April 17, 2019
It’s hard to ignore how the win-at-all-costs attitude on Capitol Hill is morphing into something different and more dangerous. Old fashioned bare-knuckled politics have yielded to what could generously be described as creative tactics to skirt the law and score political points. Few, if any, congressional Democrats are concerned about inventing a crisis of confidence in the federal government by questioning whether a non-existent law is being followed in order to further their obsessive pursuit of President Trump’s tax returns.
Democrats dismiss this and argue with a straight face that releasing the president’s tax returns has nothing to do with politics and everything to do with oversight of the Internal Revenue Service (IRS). Nonsense. The record here is clear.
Now, congressional Democrats argue that the president’s tax returns must be released so the people can be sure that the IRS is discharging its duties appropriately. And yet, there is no evidence the IRS is violating the law, no evidence that the president has violated the law, and no political interest in launching a full investigation into the agency and its behavior.
Adding to the problem, U.S. House Committee on Ways and Means Chairman Richard Neal is confusing the difference between something that is a law and something that is not a law. The IRS’ administrative manual says that the president and vice president’s tax returns are subject to “mandatory examinations,” but it is not legally required to audit their returns.
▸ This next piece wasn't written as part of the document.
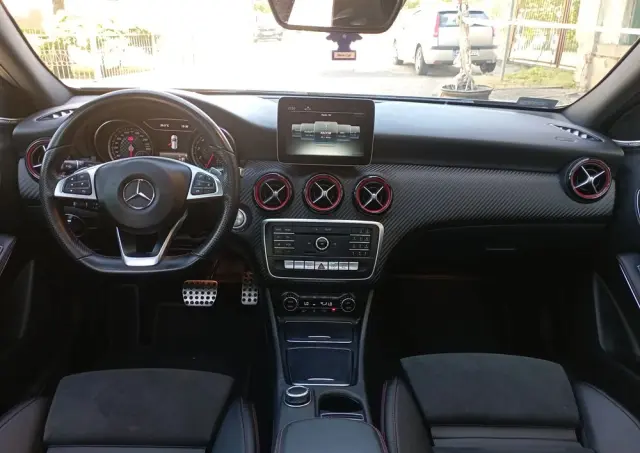 MERCEDES-BENZ Klasa A 250 7G-DCT Sport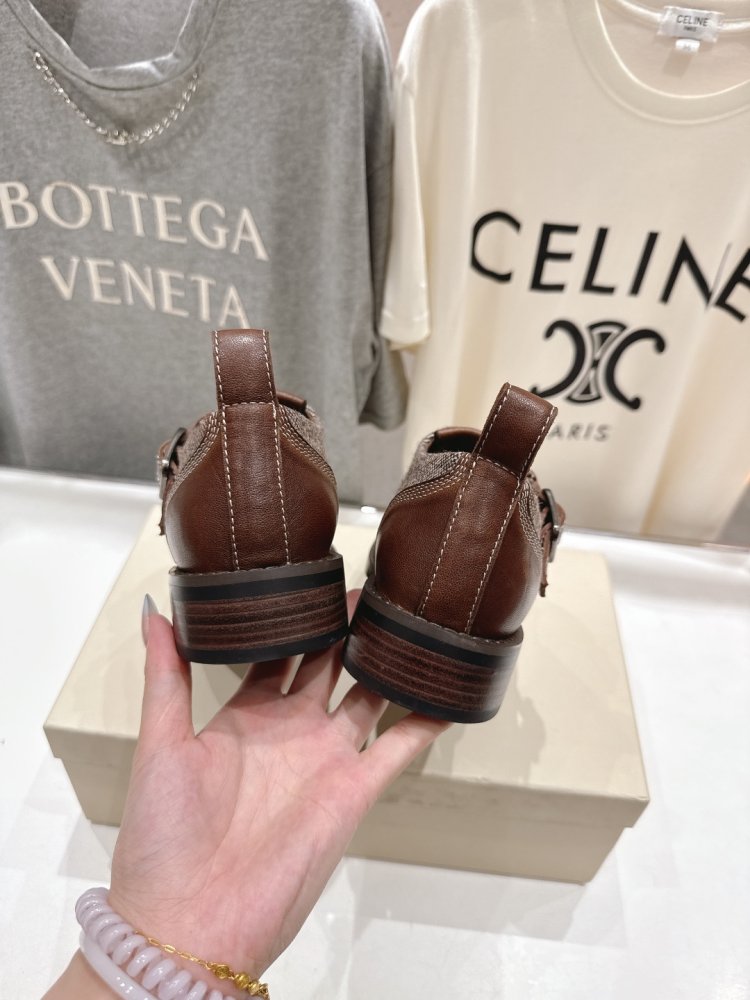 Туфлі шкіряні жіночі фото 8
Perhaps if the IRS Commissioner – confirmed by the U.S. Senate in September with the help of 15 Democrats – were asked to appear before the committee, he could educate the full committee and chairman.
Every day that the effort to target the president for political purposes continues, the chairman compounds the severe damage he is inflicting on his committee’s credibility and the confidence of the American people in their process. This congressional circus shows that under current law, no American can feel fully secure in the knowledge that their private tax records will be safeguarded against being used for political purposes.
If the president can be uniquely targeted, what confidence can political activists from the left and right have in the security of their records? How about individuals who pose a political threat to Chairman Neal or other members of his party?
Weaponizing the power of the committee to target one person, who is not accused of violating federal tax law and has never been prosecuted for violating federal tax law, represents a major abuse of power. It should be opposed by both parties and any individual who believes that we are equal under the law. And laws should be introduced that prevent dirty political dealings and backdoors into improper disclosures of private records.
I know Chairman Neal. He’s a good man. But this tactic begs the question of what he and House Speaker Nancy Pelosi will do when this latest effort fails. They are not truly interested in the IRS and whether they are auditing the president. They’re politicians and they believe seeing the president’s returns would be politically advantageous. I don’t know what they think they’d find, but having prepared tax returns for more than 30 years, I’d be happy to save them some time.
The president’s returns likely show the same complex network of income generating LLP’s and corporations that any successful American businessman would have. We would see his annual taxable income, deductions and charitable donations. A series of numbers that have little context or meaning.
Tax returns do not give insight into financial interests. They would not satisfy the public fascination with the highly arbitrary figure of the president’s net worth. This information cannot be not found on a tax return. Net worth is derived from the aggregate value of owned assets, which is very different than income.
You do not have to publish your tax returns. Neither does a candidate for political office nor an officeholder.
Donald Trump is entitled to equal protection under the law. He is not accused of criminal wrongdoing. And he should be protected against improper disclosure of his personal records. This is not what Congress had in mind when it authorized the Ways and Means Committee to exercise oversight over the IRS.